2) La paura che gli studenti, con le loro giovani menti così deboli e facilmente plasmabili, possano essere inesorabilmente "plagiati" da certi libri di testo o da certi professori, è un mito duro a morire che non si sa se sia più stupido o interessato. Chiunque abbia frequentato le aule di scuola negli ultimi anni sa bene che il vero problema è quello di promuovere nei ragazzi un minimo di coscienza e di memoria storica. Il dato di partenza, lo sappiamo, è un'indifferenza generalizzata, di cui i ragazzi non sono tanto colpevoli quanto vittime. Dunque, come insegnante, sarei ben più contento di una accesa discussione in classe sui temi della Resistenza fra studenti "di destra" e di "sinistra", che di un deserto di stimoli e di emozioni.
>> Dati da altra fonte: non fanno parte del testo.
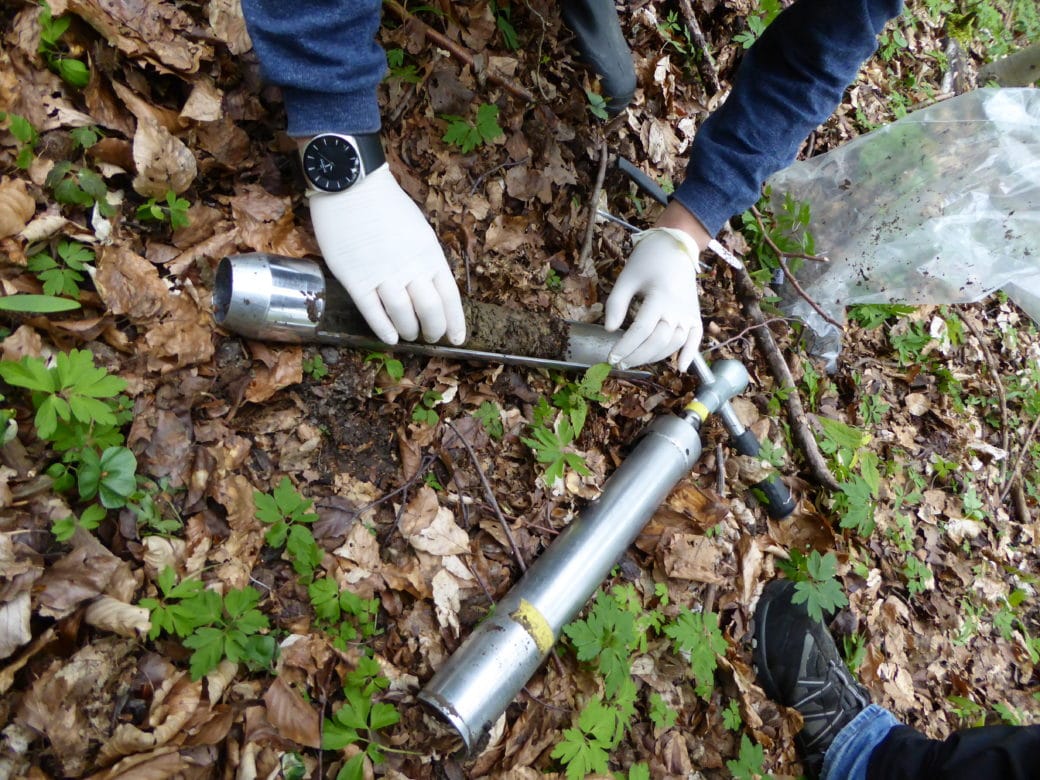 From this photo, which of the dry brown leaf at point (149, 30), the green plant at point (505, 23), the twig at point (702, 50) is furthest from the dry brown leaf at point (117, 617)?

3) Un'ultima cosa, questa sul merito della questione e delle accuse di cui si diceva sopra. L'omissione di alcune pagine importanti e tragiche della storia contemporanea ci può essere stata, e la si può verificare e giudicare. La visione "eroica" della Resistenza potrà anche essere stata unilaterale, e aver tralasciato quei caratteri di guerra civile di cui gli storici più aggiornati (anche di sinistra) ci parlano da alcuni anni. Però il sospetto, ed è un sospetto forte, è che in discussione siano non tanto dei singoli punti, quanto una visione generale, più che storica, etica: l'impostazione antifascista, con tutti i valori, anche educativi, che questa si porta con sé. Allora qui la questione si fa molto chiara, e la domanda da fare ai revisori è: vogliamo mettere in dubbio, o cancellare, l'impostazione antifascista? L'antifascismo a scuola è un valore, sì o no? Lo dobbiamo insegnare, o no?
Perché in tal caso, più che censurare Villari dovremo censurare i Costituenti. E dopo aver emendato un povero manuale di storia, saremo costretti ad emendare il più importante testo di storia dell'Italia contemporanea: la Costituzione repubblicana.